Joss Whedon, Exit Stage Left


On Feb. 22, Joss Whedon stepped down from writing and directing DC’s Batgirl movie. Known for his iconic TV series “Buffy the Vampire Slayer” and successful superhero movies like “The Avengers,” Whedon appeared to be a great choice for Hollywood to ensure another successful superhero film.

In an interview with the Hollywood Reporter, he explained that “Batgirl is such an exciting project, and Warners/DC such collaborative and supportive partners, that it took me months to realize I really didn’t have a story,” and that “I’m grateful to Geoff and Toby and everyone who was so welcoming when I arrived, and so understanding when I…uh, is there a sexier word for ‘failed’?”

Fans on the internet either sighed a breath of relief or one filled with anxiety, as the “Batgirl” film is now left in limbo without a writer or director. Patty Jenkins has already proven that women can write and direct movies with her success from “Wonder Women.” Thanks to her, many fans of the Batgirl series want a female writer and director for the iconic female superhero.

Angela Robinson, known for directing “Professor Marston and the Wonder Women,” would be a wonderful option to fill Joss Whedon’s shoes. Robinson can easily produce a serious and fantastic film featuring one of Batman’s most iconic female characters.

The “Batgirl” movie would also provide a great opportunity for Diablo Cody and  Karyn Kusama to team up as writer and director again and produce another dark, humorous and thrilling movie. While “Jennifer’s Body” did not receive overwhelming praise, no one could deny the witty, unique dialogue and expert special effects.

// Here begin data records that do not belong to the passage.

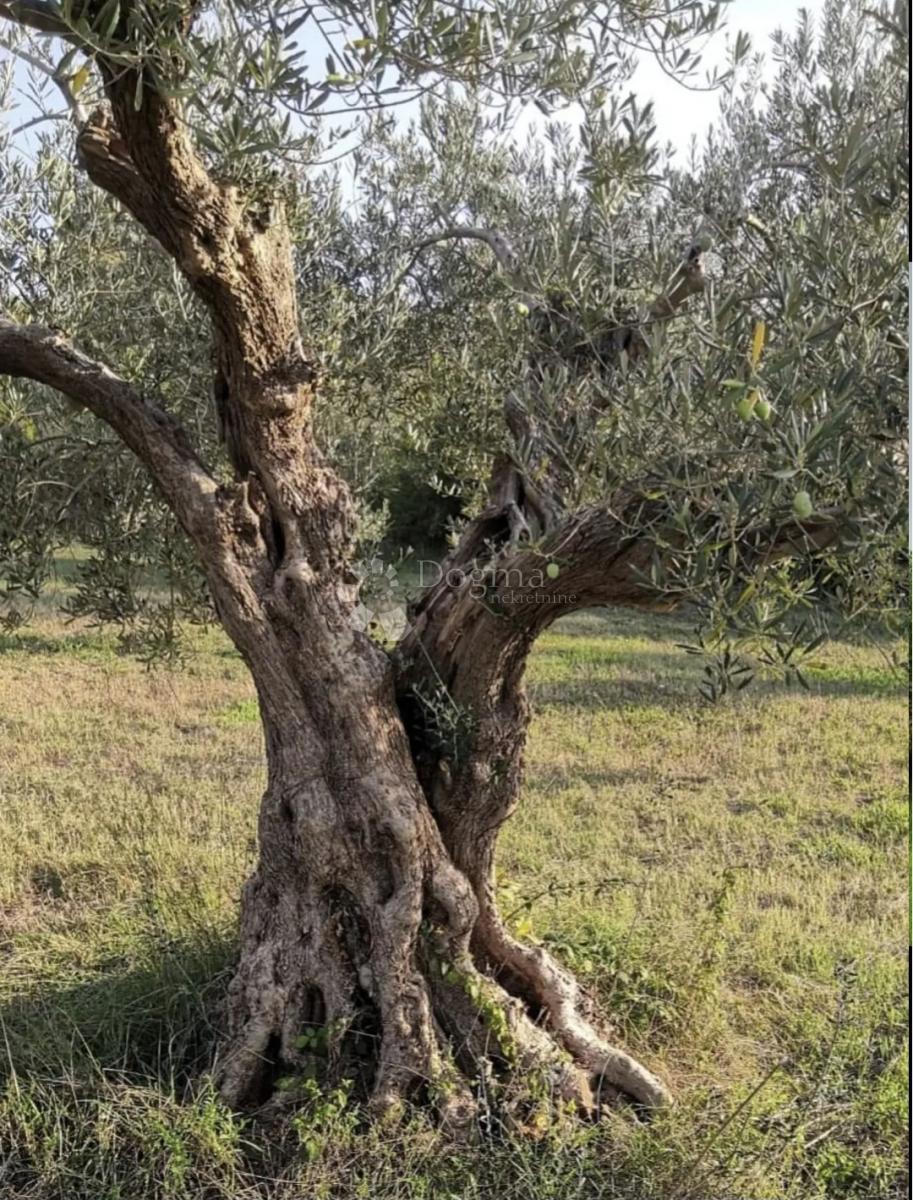 Terreno agricolo Rovinjsko Selo, Rovinj, 7.511m2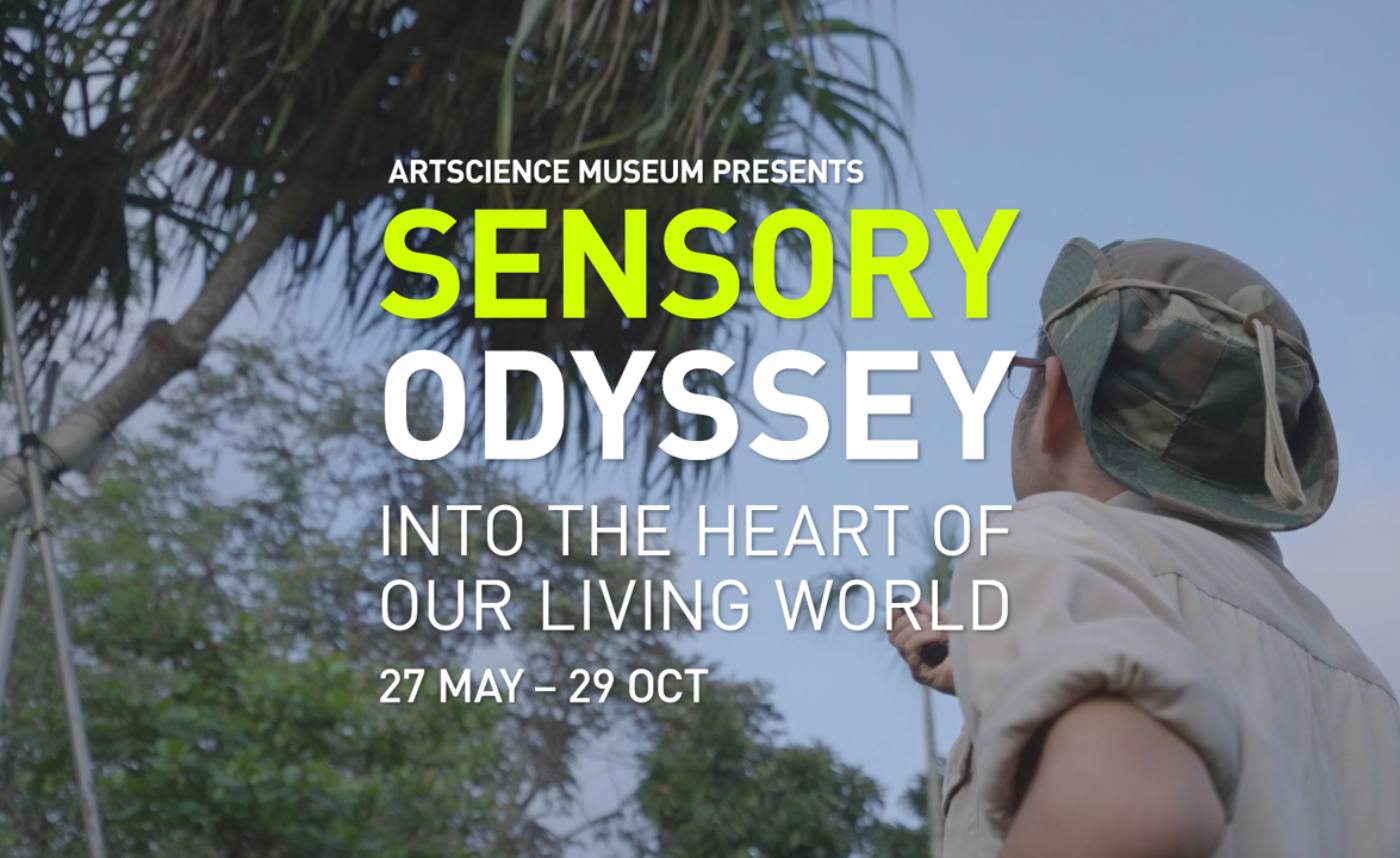 Discover the Creatures of the Night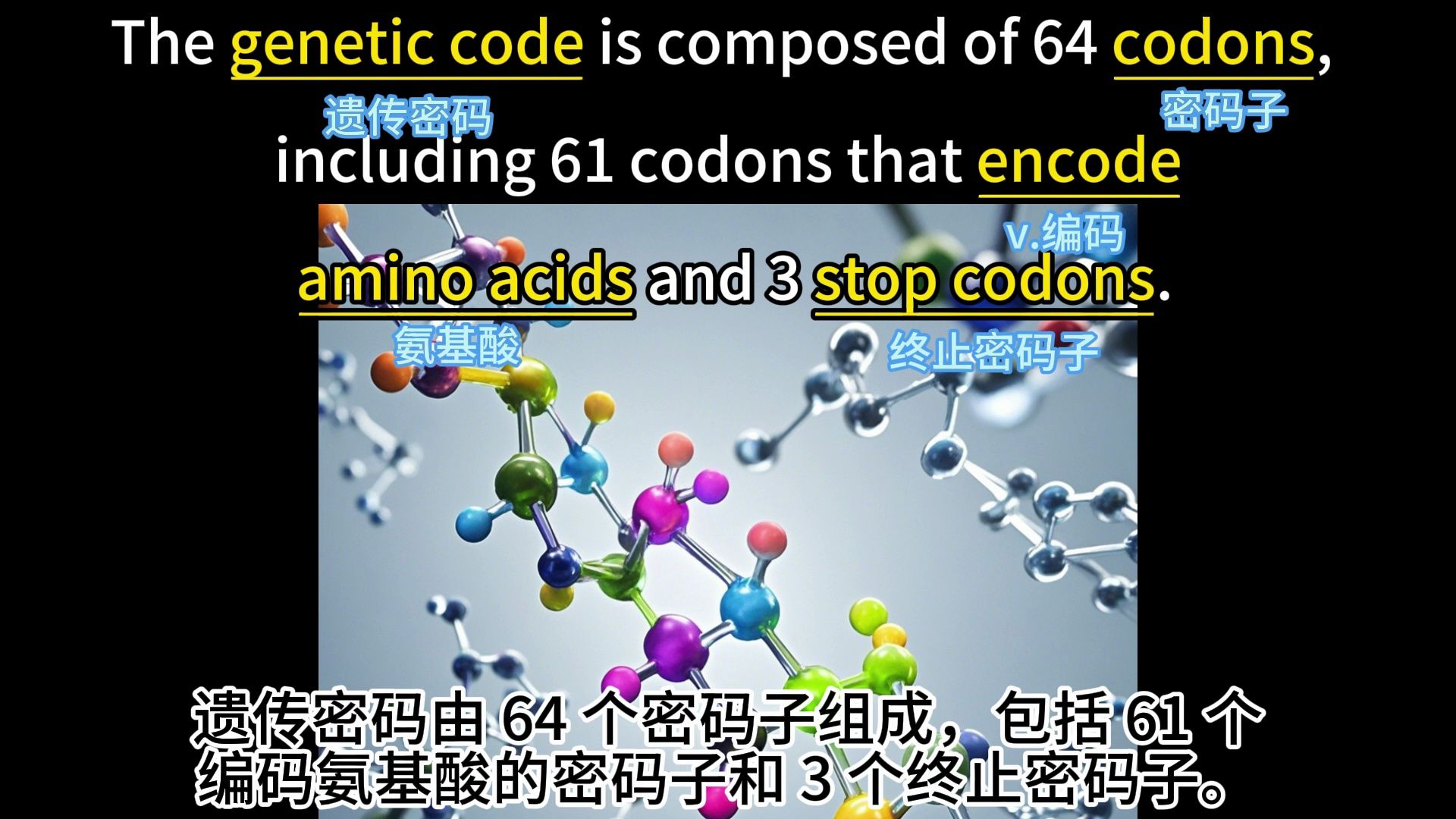 𐟎ˆ生物专业单词视频,开启学霸模式𐟒嶩deo15,从今天开始吧!哔哩哔哩bilibili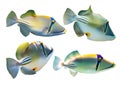 Set of Arabian Picassofish Rhinecanthus assasi, Lagoon triggerfish isolated on a white background. Unusual tropical bright fish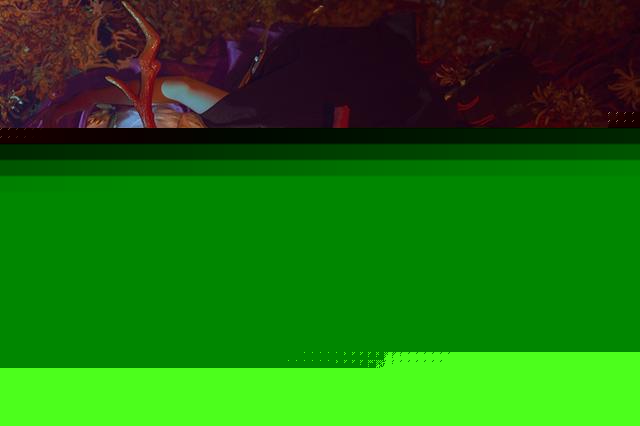 KyO7CBUZRMRPurhr.jpg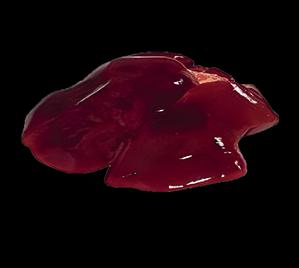 Foie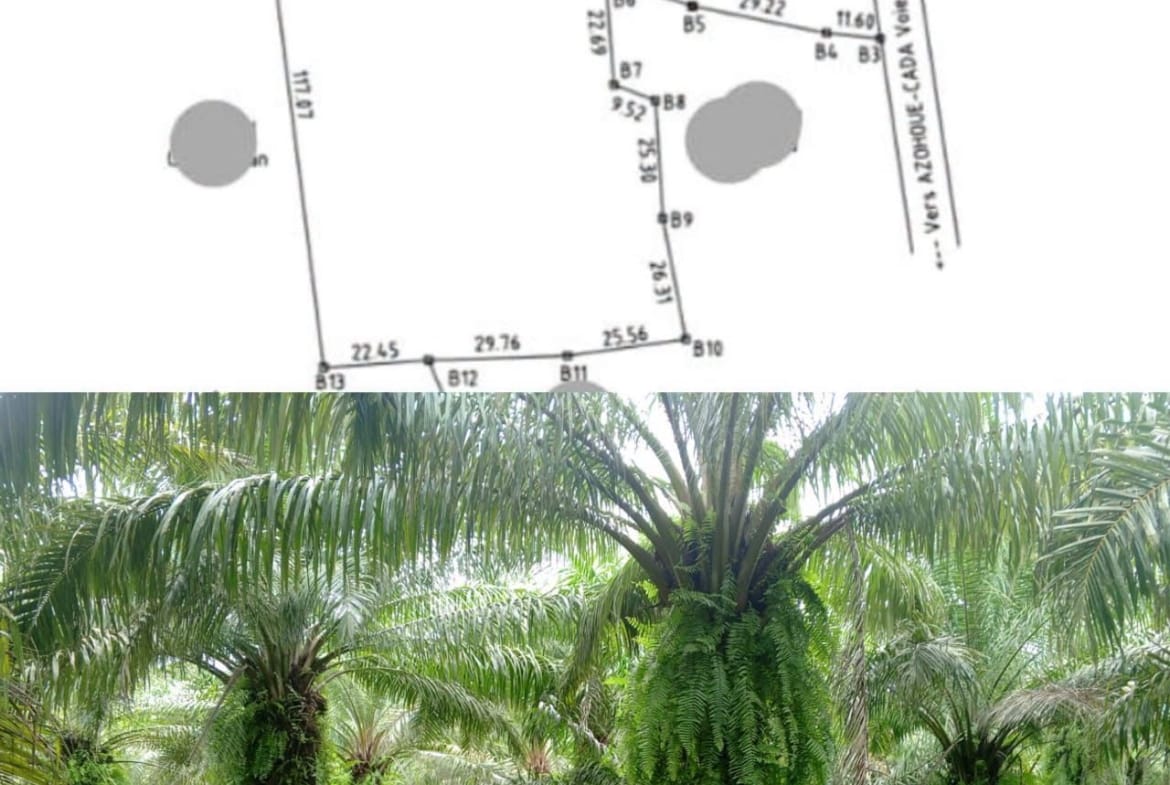 Palmeraie avec titre foncier à Lissègazoun Allada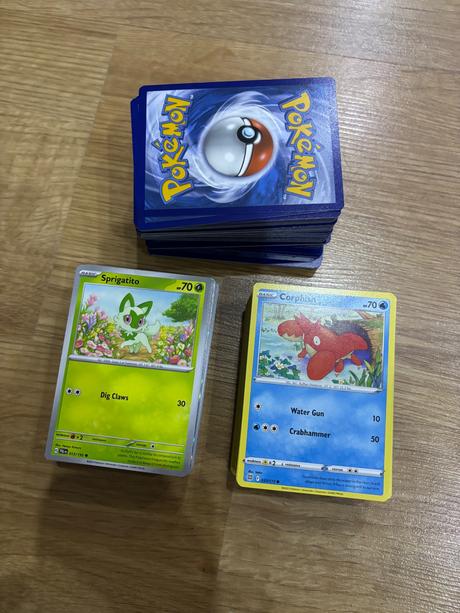 Pokémon karty,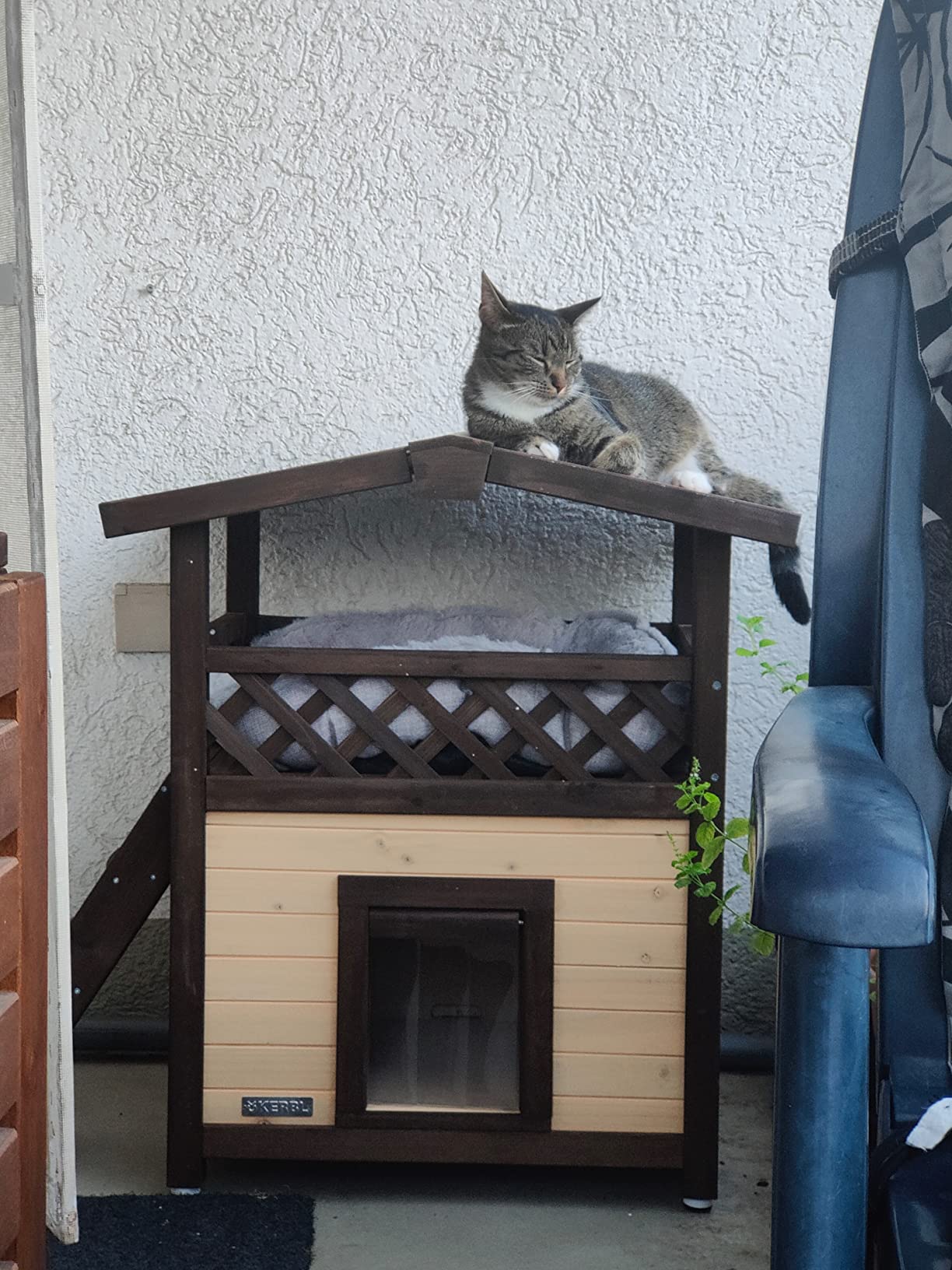 Bien conçue mais toit fragile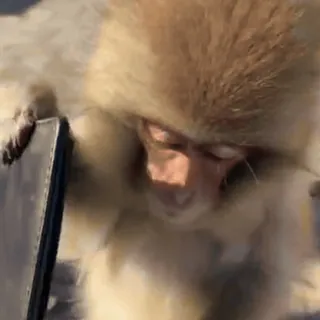 ๐ท 7f49579b monkey, animal, cellphone, snow, cold telegram sticker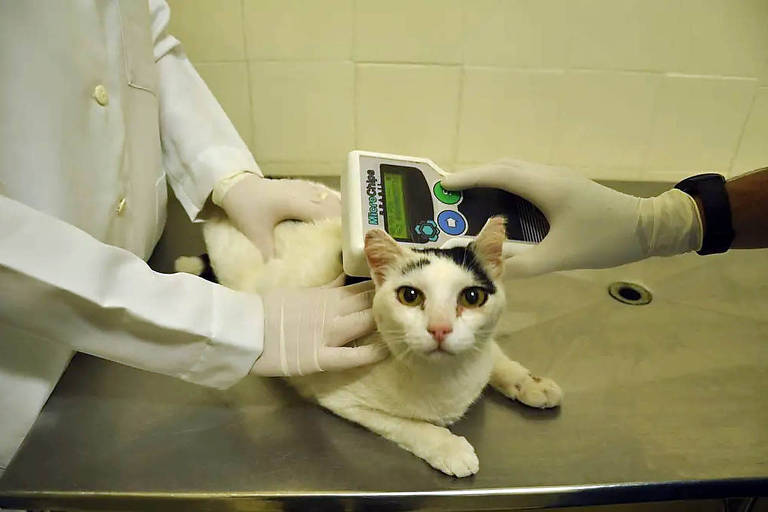 Veterinários medem temperatura de gato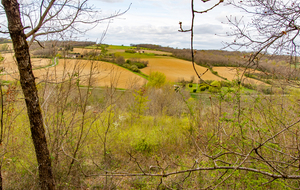 Forêt Royale de Grand Selve: vue sur le vallon du ruisseau du Lambon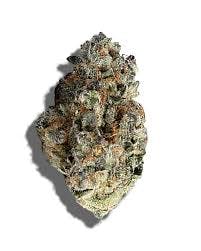 GATSBY CANNABIS CO. GATSBY CANNABIS CO. | POLAR PROPANE | PRE-PACK HYBRID — FLOWER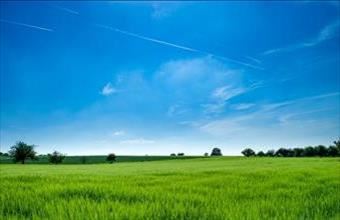 Eladó Nyíregyházai lakóövezeti telek hirdetés (52476517)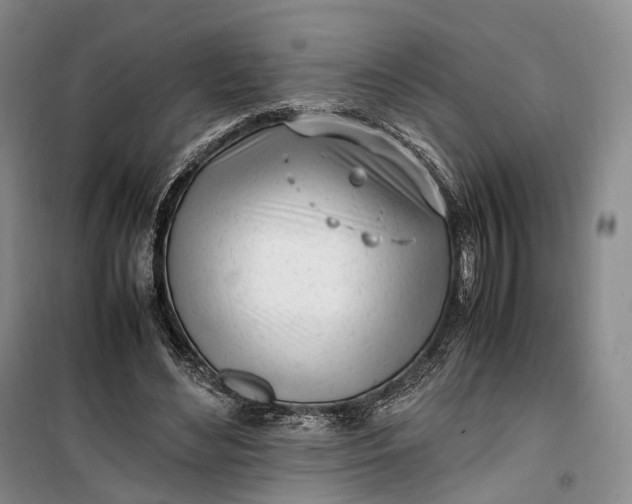 X0000100230492200806131339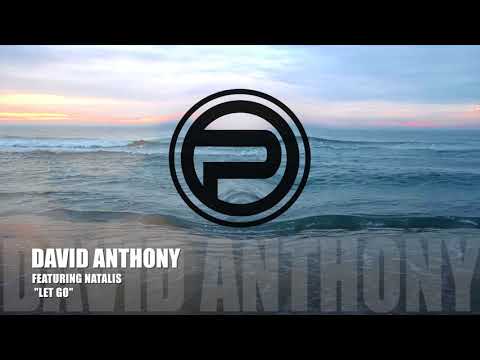 David Anthony Featuring Natalis Let Go Funky House Mix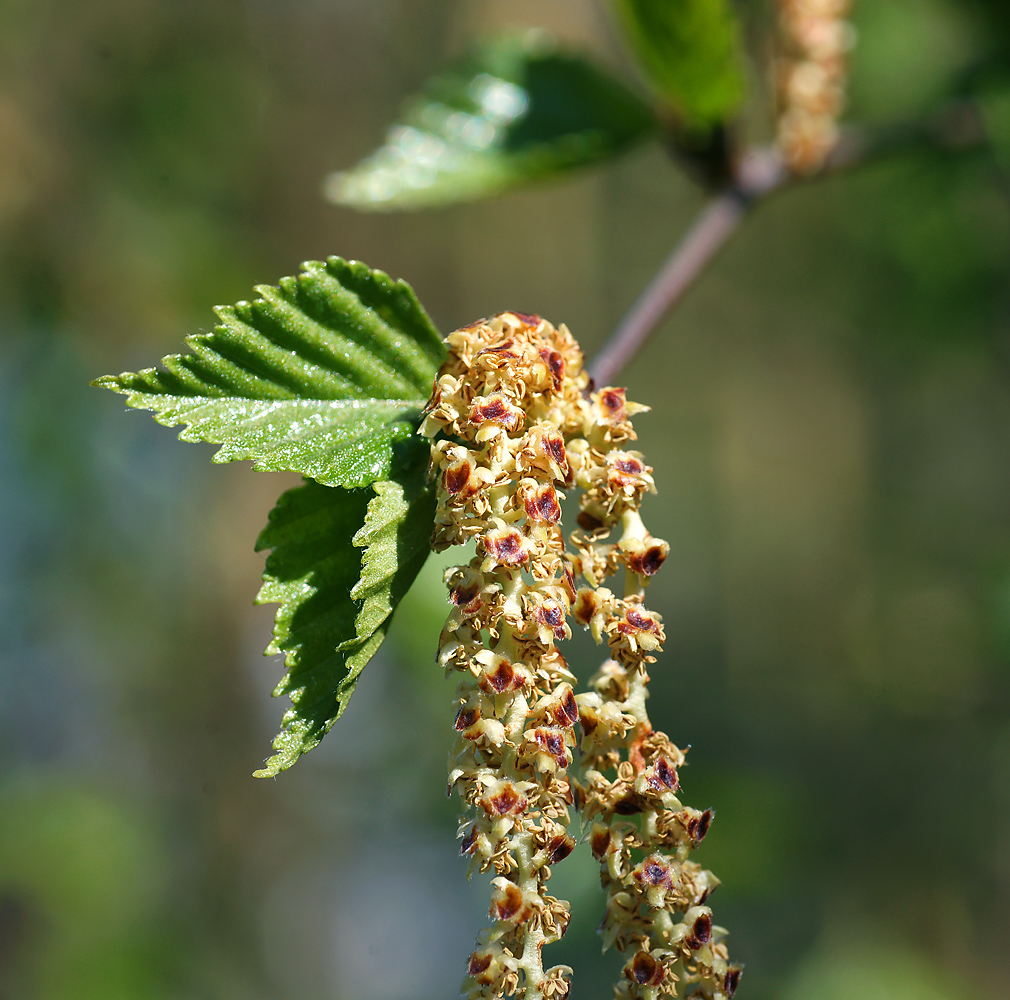 Изображение особи Betula pendula.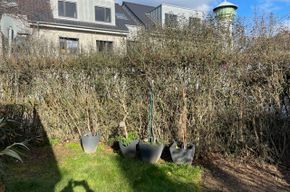 Sonderpreis befristet; attraktives KfW 70 Haus, Wärmepumpe, direkt vom Eigentümer, – Garten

If the “Batgirl” movie aesthetic emulated the gritty realism of Christopher Nolan’s Dark Knight trilogy, then Kathryn Bigelow could design a movie to that caliber. Bigelow earned a slew of awards for movies she has directed, like “Zero Dark Thirty” and “The Hurt Locker.” There should be no question about her abilities or qualifications, and fans of “Batgirl” could trust her to do the character justice.

Catherine Hardwicke didn’t get overwhelming love and admiration for her work on the first “Twilight” film, but her skill and talent as director wasn’t in question. She directed a few more movies post “Twilight” that prove that she has the skill to make a teen-orientated “Batgirl” that promises to be both fun and dangerous.

Not many seem to be rushing forward to fill the space that Whedon has left behind. Roxane Gay offered to take over via Twitter on the same day that Whedon quit. Gay is most known for the comic she wrote for Marvel in 2016, “Black Panther: World of Wakanda.” DC Entertainment responded to her offer with interest, but nothing has been confirmed.